## What to do
Please copy out the full listing that follows exactly; no picture belongs in the copy.

## Information supplied
[Start of Attachment]
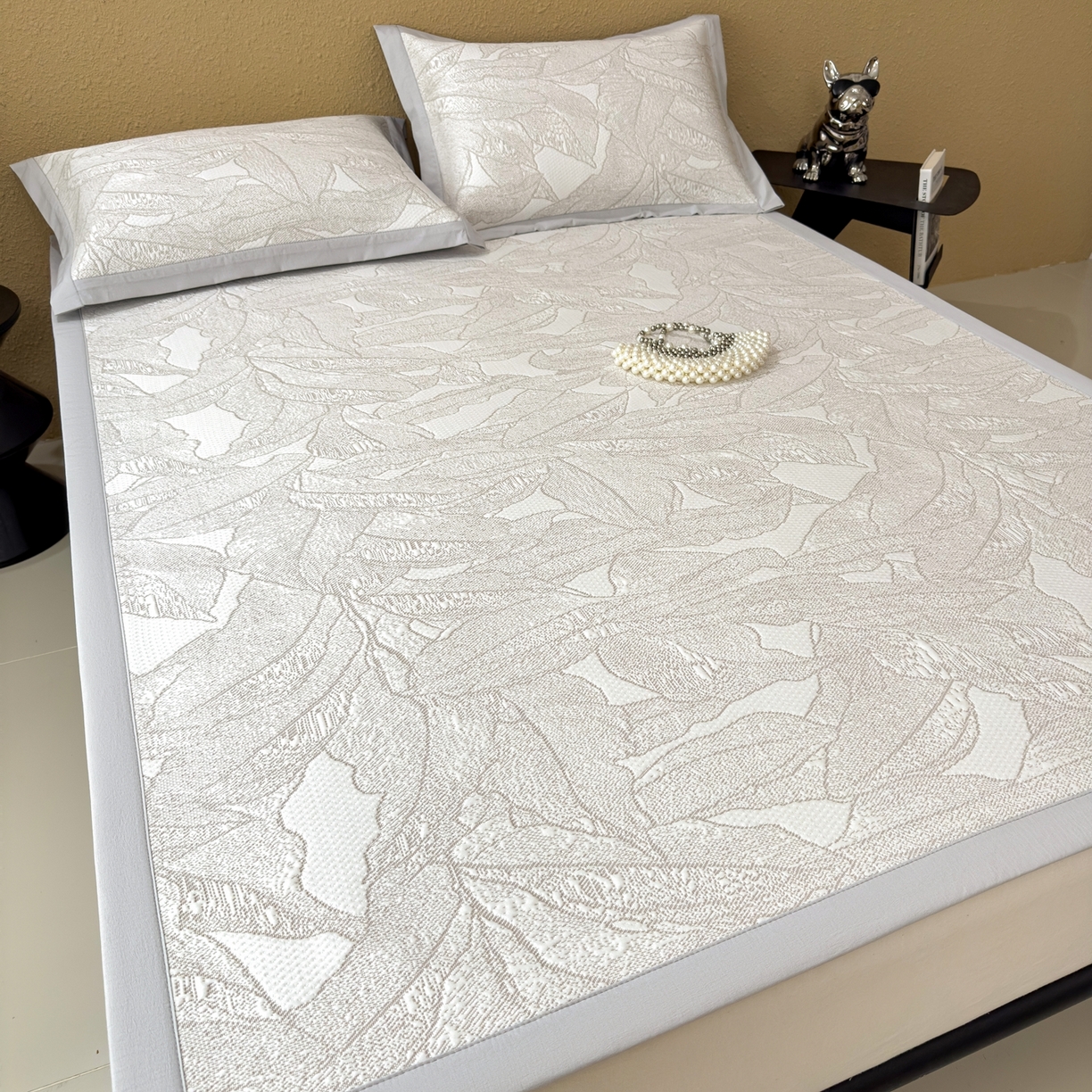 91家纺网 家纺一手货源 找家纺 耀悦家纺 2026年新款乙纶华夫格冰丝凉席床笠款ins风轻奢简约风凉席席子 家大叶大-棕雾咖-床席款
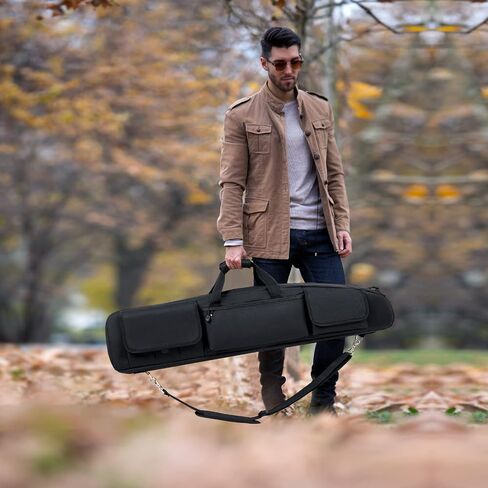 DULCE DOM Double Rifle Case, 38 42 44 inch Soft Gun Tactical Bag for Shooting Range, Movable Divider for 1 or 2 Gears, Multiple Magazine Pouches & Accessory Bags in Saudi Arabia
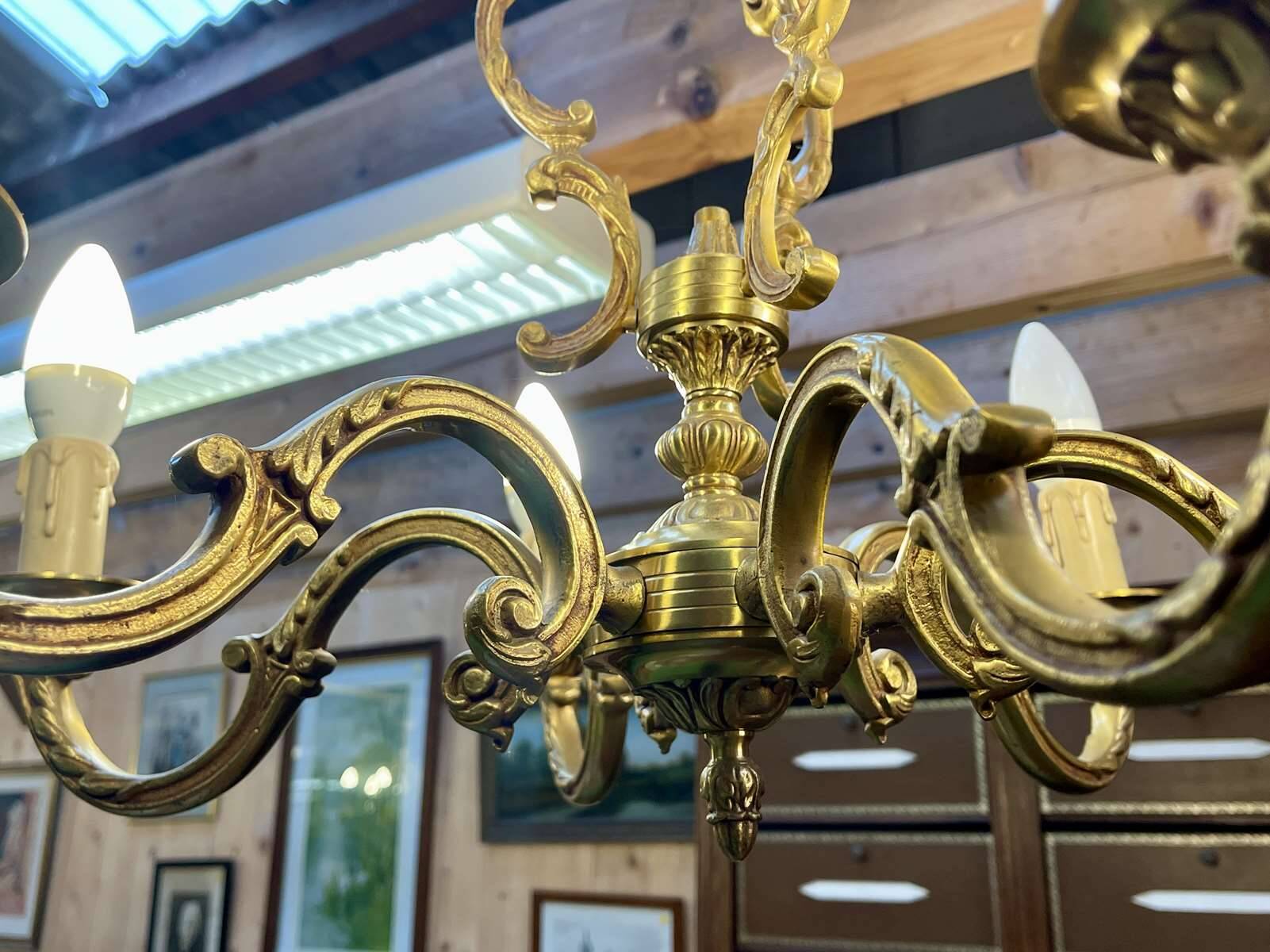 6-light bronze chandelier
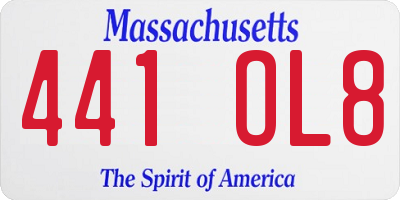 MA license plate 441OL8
[End of Attachment]
## Reply
 91家纺网 家纺一手货源 找家纺 耀悦家纺 2026年新款乙纶华夫格冰丝凉席床笠款ins风轻奢简约风凉席席子 家大叶大-棕雾咖-床席款
 DULCE DOM Double Rifle Case, 38 42 44 inch Soft Gun Tactical Bag for Shooting Range, Movable Divider for 1 or 2 Gears, Multiple Magazine Pouches & Accessory Bags in Saudi Arabia
 6-light bronze chandelier
 MA license plate 441OL8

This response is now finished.